バタバタと、白い素足が子どものようにシーツの上を泳ぐ。
「どうせこの場所のことを知っているのはわたくししかおりませんし。この地下通路はそのまま街の外縁部まで繋がっていますから、最も警戒が厳しい今出て行くよりも、翌日に警戒が緩まった段階で抜け出した方が遥かに安全です」
「いや、まぁ。それはそうかもしれないけど……」
困った。思っていたよりも理由がちゃんとしていて、反論が難しい。
死霊術師さんは、枕を自分の胸元に抱き寄せて、微笑んだ。
「ですので、勇者さまも……今晩は、わたくしの隣で安心しておやすみください」
「いやいや、おれはさすがに起きてるよ。何があるかわからないし」
結論から言えば、熟睡してしまった。
翌朝。地下室なので、朝になっているかはわからないが、体の疲れの取れ方的に、多分もう朝である。
おれはボサボサになった頭を、がりがりとかいた。
「…………ふーっ」
いや、べつに何かしやましいことがあったわけではないし、本当にただ並んで寝ていただけなのだが、しかしそれはそれとして寝ずの番をするはずだったのにあっさり寝落ちしてしまったという事実に関しては、曲がりなりにも世界を救った勇者としてちょっと思うところがあるというか、おれも老けたかなというか、もう若くないなというか……。
「あれ?」
起きてみると、隣には既に死霊術師さんの姿はなかった。わりと朝が遅くて、宿屋の朝食などでは最後に降りてくるタイプなのに、めずらしい。

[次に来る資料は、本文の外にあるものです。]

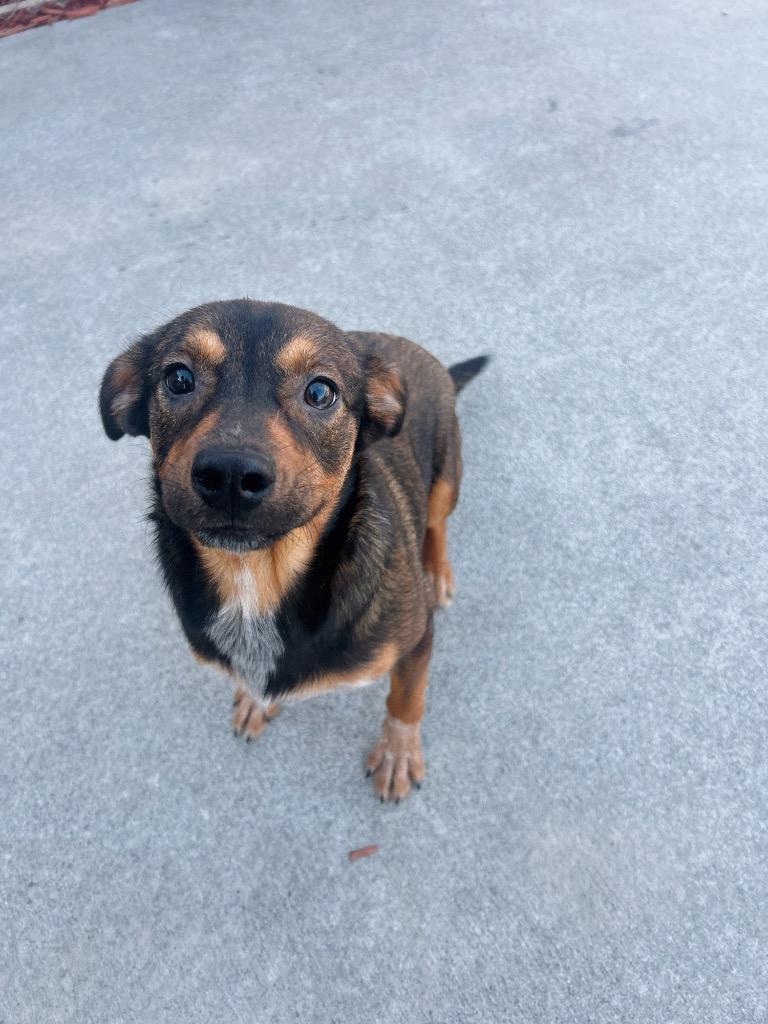 Enlarge SAILOR, a Adoptable mixed breed in Rome, GA image 2/3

昨日は確認もせずに寝てしまったが、地下室の中にはまだ扉がある。うっすらと水が流れる音がしていたので、そちらを開けてみると、中は簡素な洗面所になっていて、死霊術師さんが顔を洗っているところだった。
「ゆ、勇者さま!?」
「おはよう。死霊術師さん」
「お、お、おはようございます……」
狭苦しい洗面所の上には、おれには何が何やらわからない化粧道具が細かく広げられている。女性は朝の支度が多くて大変だ。
慌てた様子で振り返った死霊術師さんは、髪をタオルでまとめていて、まだ化粧もしていなかった。そういうところを見るのも、なんだかめずらしい。
「おれも顔洗っていい?」
「は、はい。もちろんです」
「あ、急かしてるわけじゃないから、大丈夫だよ。ゆっくりやって。後ろでまってるから」
「……えっと」
どうしたのだろうか。
いつもなんでもあっけらかんと言い放つはずの死霊術師さんが、もごもごと言いにくいものを含んでいるかのように、口ごもっている。
「申し訳ありません、勇者さま。その、なんといいますか……朝の支度をしているところを見られるのは、少し恥ずかしくて……」
アイラインを引いていなくても十分過ぎるほどに大きな瞳が、動揺を隠しきれずに左右に泳ぐ。
手を合わせた、口元。そこから覗き見える頬が赤くなっているのは、寝起きでぼんやりとしている頭にも、よくわかって。
「……あー、ごめん。外で待ってるね」
「はい。お願いいたします」
扉を閉めて、おれはまた深く息を吐いた。
人の家の洗面所に、すっぴんでずかずか入ってきて、一緒に歯を磨く騎士ちゃんとか。
小さい頃は普通に一緒に寝起きするのが当たり前だった賢者ちゃんとか、そもそも最初から身の回りの世話をぶん投げてきた師匠とか。
そういうのに慣れきって、すっかり忘れてしまっていたが。
「そうだよなぁ……普通の女の人なら、あれが当たり前の反応だよな」
己に向けて再確認するように。絶対に死霊術師さんに聞こえない小さな声で、おれは呟いた。
とはいえ……そう、とはいえ、だ。
「素っ裸は恥ずかしがらないくせに……こっちは恥ずかしがるんだもんなぁ」
歳上の、大人の女性。
それが、おれの死霊術師さんのイメージだったし、事実としてそうだったわけだが。
朝、お化粧をする前の姿を見られて、こまったように顔を背ける。
そういうところに、普段は全然意識しなかった死霊術師さんの、女の子っぽい部分を感じてしまって。
そういうのは、ちょっとずるいな、と。おれは思った。
こんかいのとうじょうじんぶつ
勇者くん
昨晩はお楽しみでしたね?
死霊術師さん
今回人並みの羞恥心が残っていることが判明した。朝起きたときに勇者の寝顔見て良いな〜とか思ってた。
秘書さん
復讐をしているはずが、愛のキューピッドになりつつある
先輩
もう帰って寝てぇ……とか思い始めた
赤髪ちゃん
これ私のモデル料はちゃんと出るのでしょうか……?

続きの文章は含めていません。